# HK radio for Beltrol & Railboss



## Dave Ottney (Jan 2, 2008)

The Hobby King 6 channel radio that can be used for the Beltrol & Railboss is a great value for the money ($33). Extra receivers are only $15. There is one thing to be aware of when ordering from the Hobby City page- (http://www.hobbycity.com/hobbycity/...2.4Ghz+HobbyKing&idCategory=295&ParentCat=190) 
Do not include in an order any items showing a negative number in the IN STOCK box. Even if it is an inexpensive item, because its showing as out of stock (negative number), your whole order will be hung up until that item comes back into stock. They don't do partial orders.
This company is extremely active and the RC air guys are using it because of the great deals on various items. 

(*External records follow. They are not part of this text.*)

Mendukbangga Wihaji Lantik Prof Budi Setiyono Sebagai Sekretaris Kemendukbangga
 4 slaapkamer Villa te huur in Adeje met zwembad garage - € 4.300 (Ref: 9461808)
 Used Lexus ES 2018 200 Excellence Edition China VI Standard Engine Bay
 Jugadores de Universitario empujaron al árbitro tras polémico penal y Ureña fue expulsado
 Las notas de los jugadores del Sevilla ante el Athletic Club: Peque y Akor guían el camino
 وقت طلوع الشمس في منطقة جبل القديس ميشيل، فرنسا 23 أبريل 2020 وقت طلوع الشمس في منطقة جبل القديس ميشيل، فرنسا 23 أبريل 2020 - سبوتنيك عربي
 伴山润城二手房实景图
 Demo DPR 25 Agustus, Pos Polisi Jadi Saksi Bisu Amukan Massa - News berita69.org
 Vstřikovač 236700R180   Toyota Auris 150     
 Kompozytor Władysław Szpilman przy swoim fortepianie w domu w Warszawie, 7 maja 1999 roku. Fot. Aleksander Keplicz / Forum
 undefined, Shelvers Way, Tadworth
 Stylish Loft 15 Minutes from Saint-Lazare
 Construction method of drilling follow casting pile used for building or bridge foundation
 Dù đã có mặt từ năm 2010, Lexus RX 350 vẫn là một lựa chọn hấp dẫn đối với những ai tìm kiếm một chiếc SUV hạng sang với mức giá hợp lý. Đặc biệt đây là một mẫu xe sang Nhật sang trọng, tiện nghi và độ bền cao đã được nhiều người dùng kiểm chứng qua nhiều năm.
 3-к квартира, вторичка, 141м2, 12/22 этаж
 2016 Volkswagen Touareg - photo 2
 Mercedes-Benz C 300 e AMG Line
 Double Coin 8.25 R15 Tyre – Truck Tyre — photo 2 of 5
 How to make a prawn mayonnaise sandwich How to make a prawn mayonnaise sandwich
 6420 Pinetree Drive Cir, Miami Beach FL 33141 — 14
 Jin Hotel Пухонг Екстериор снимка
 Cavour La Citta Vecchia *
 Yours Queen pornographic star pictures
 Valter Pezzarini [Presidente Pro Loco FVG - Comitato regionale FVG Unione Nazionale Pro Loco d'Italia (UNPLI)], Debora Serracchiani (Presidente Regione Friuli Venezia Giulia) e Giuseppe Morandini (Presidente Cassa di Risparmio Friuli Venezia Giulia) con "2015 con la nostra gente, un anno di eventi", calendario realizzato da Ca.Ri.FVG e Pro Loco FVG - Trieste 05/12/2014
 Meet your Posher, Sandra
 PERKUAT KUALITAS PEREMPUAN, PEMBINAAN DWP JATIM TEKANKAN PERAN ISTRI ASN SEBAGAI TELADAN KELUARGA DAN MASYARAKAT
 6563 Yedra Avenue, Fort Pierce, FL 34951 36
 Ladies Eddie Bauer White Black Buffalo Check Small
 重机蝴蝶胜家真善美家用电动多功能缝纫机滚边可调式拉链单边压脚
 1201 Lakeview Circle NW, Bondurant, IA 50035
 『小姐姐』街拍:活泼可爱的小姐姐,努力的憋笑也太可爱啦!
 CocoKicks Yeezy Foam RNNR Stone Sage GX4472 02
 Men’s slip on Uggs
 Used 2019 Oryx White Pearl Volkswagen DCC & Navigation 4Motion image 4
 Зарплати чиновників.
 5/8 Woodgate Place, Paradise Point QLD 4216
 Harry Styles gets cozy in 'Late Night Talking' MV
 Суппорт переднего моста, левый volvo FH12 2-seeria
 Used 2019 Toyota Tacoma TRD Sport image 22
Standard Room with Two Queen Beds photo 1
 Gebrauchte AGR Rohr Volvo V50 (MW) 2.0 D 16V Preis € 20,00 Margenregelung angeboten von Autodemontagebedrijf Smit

This radio system has proven in my case to be very reliable. I have it in a locomotive, an RC sailboat and an RC plane. These are 3 very different environments with their own unique problems and I have had no problems what so ever in all three. Where 75mhz & 27mhz glitches this 2.4 system has been solid and will undoubtably make the Beltrol and Railboss work flawlessly. It runs the older RCS EVO's perfectly with great range also. I intend to order a couple more radios & extra receivers when they are back in stock.
Dave


----------



## Del Tapparo (Jan 4, 2008)

Dave - That's good feedback. As you said, the airplane guys are quite satisfied with this product also.

There are two versions of the Hobby King Tx; a 6 channel and a 4 channel. Either one can be used with the RailBoss.


----------



## TonyWalsham (Jan 2, 2008)

Hi Dave. 
During my local testing of the BELTROL system whilst in the development stage, I ordered one TX and three receivers from Hong Kong. 
They were showing as Out Of Stock with an estimated restock period of 3 - 7 days. 
This proved to be absolutely correct and the radio parts arrived on time and in proper working condition. 
The only problem was they came without any instructions whatsoever. It took me a little while to track some down but track them down I did. 
I have been using this particular brand of R/C quite successfully and it certainly does work very well. 
Exactly the same system has been re badged by a number of other companies and is available direct from dealers in the USA. In fact by the time you take into account the cost of shipping from Hong Kong it works out less expensive to buy the same radios from the USA outlets.


----------



## Del Tapparo (Jan 4, 2008)

Thanks for pointing that out Tony - Here is a US supplier for the Exceed radio ... http://www.hobbypartz.com/exrc62tr.htmlHobbyPartz.com


----------